Question

a bus travel 123 km in 3 hours and train travels 315 km in 5 hours find the ratio of there speed?​

Answer 1

• The ratio of their speed = 2 : 3.

Given :

For bus,

• Distance covered by a bus = 123 km
• Time taken = 3 hours.

For train,

• Distance covered by a train = 315 km.
• Time taken = 5 hours.

To Find :

• The ratio of their speed.

Solution :

First, we have to find the speed of a bus and a train.

Speed of bus.

We know that,

$\mapsto \blue{ \boxed{ \sf{\orange{speed = \dfrac{distance}{time} }}}}$

We have,

• Distance covered by a bus = 123 km.
• Time taken = 3 hours.

$\mapsto \cancel \dfrac{123 \: km}{3 \: h}$

$\mapsto \dfrac{41km}{1h}$

$\mapsto 41 \: km/h$

Hence, the speed of a bus is 41 km/h.

Speed of train.

We know that,

$\mapsto \blue{ \boxed{ \sf{\orange{speed = \dfrac{distance}{time} }}}}$

We have,

• Distance covered by a train = 315 km.
• Time taken = 5 hours.

$\mapsto \cancel \dfrac{315 \: km}{5 \: h}$

$\mapsto \dfrac{63 \: km}{1 \: h}$

$\mapsto 63 \: km/h$

Hence, the speed of a train is 63 km/h.

Now, we have to find the ratio of their speeds.
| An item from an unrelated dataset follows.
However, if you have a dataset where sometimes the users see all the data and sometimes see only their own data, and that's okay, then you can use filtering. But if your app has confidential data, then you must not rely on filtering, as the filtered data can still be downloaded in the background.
$\mapsto \blue{ \boxed{ \sf{\orange{ratio \: of \: their \: speed = \dfrac{speed \: of \: a \: bus}{speed \: of \: a \: train} }}}}$

Now we have,

• Speed of a bus = 42 km/h.
• Speed of a train = 63 km/h.

So,

$\mapsto \cancel \dfrac{42 \: km/h}{ 63\: km/h}$

$\mapsto \cancel \dfrac{14}{21}$

$\mapsto \dfrac{2}{3}$

$\mapsto 2 \ratio 3$

Hence,

The ratio of their speed is 2 : 3.